What is needed: The lines to retype run from the one containing "Friar Tuck Men's" through the end of the listing below. Reproduce them exactly, leaving out pictures.

Dataset excerpt:
_ _ _ _
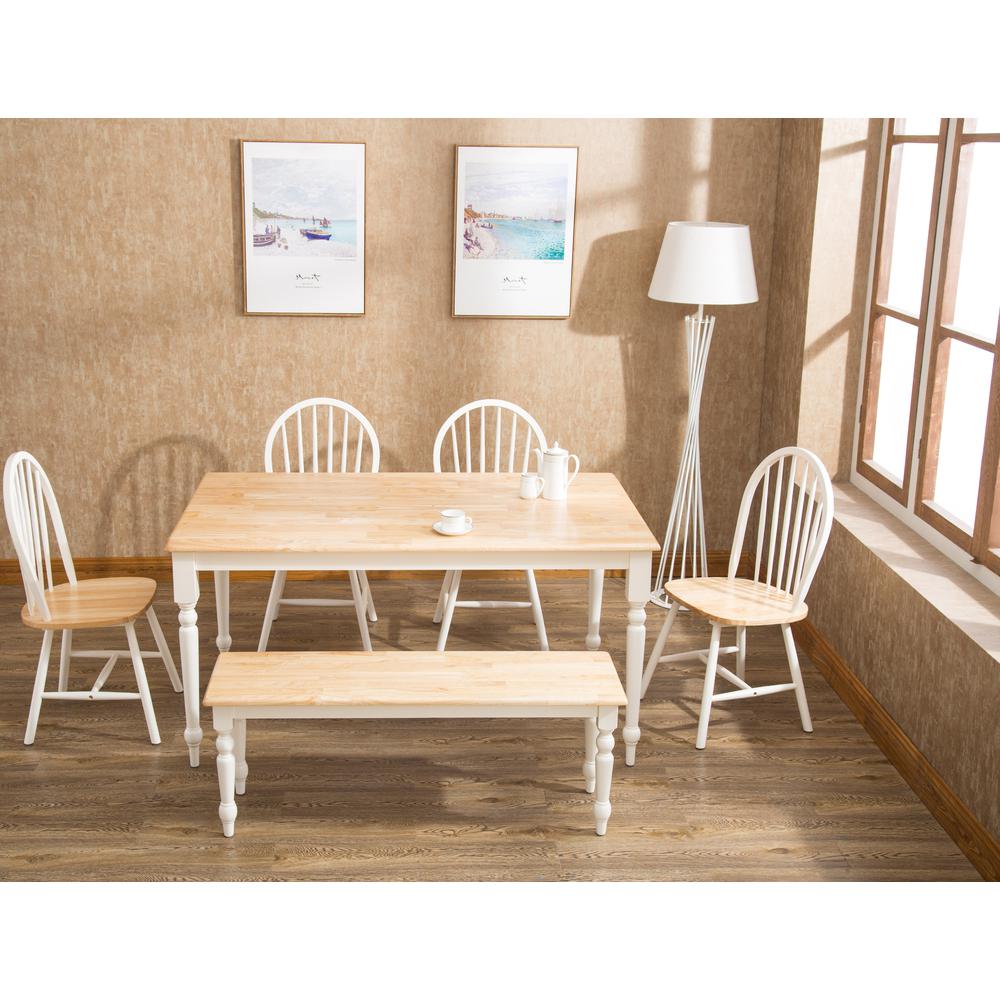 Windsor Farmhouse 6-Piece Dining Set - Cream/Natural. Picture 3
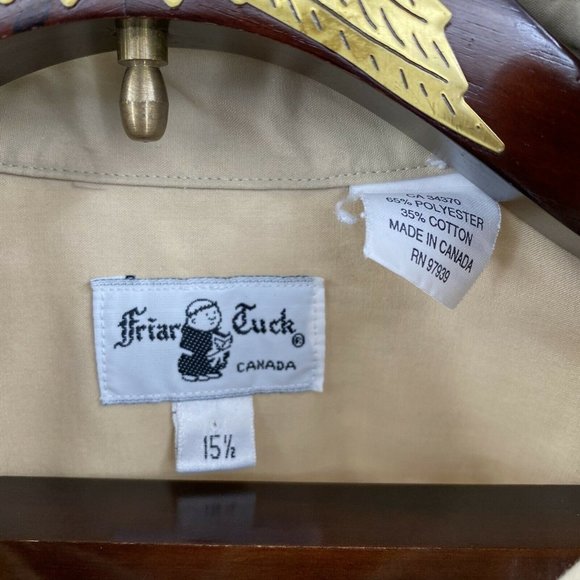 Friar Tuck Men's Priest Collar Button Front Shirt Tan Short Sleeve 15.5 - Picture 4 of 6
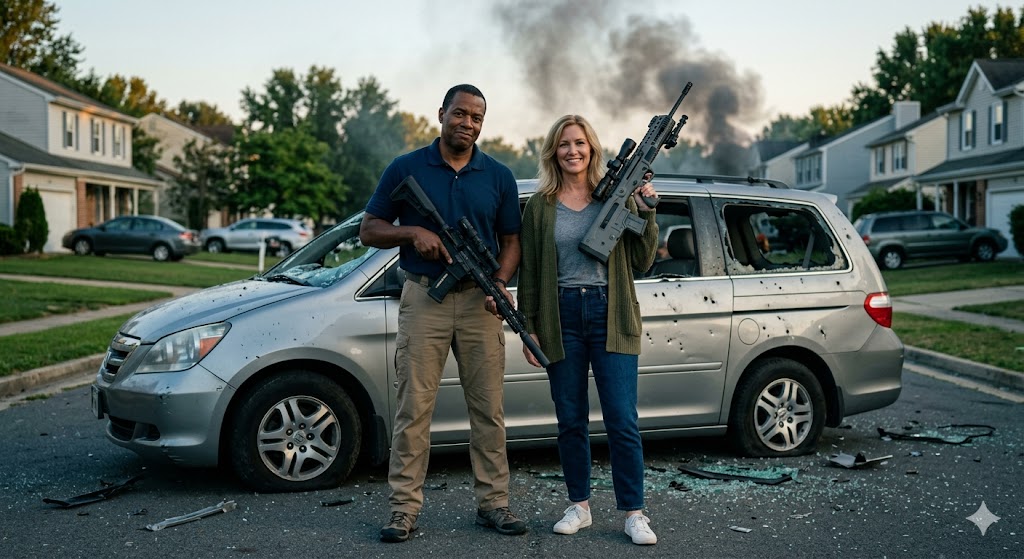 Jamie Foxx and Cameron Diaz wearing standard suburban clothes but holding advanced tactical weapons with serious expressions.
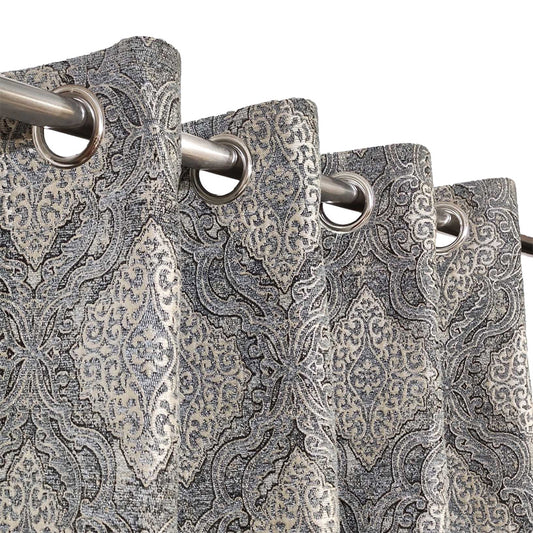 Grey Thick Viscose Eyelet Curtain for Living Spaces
_ _ _ _
Output:
 Friar Tuck Men's Priest Collar Button Front Shirt Tan Short Sleeve 15.5 - Picture 4 of 6
 Jamie Foxx and Cameron Diaz wearing standard suburban clothes but holding advanced tactical weapons with serious expressions.
 Grey Thick Viscose Eyelet Curtain for Living Spaces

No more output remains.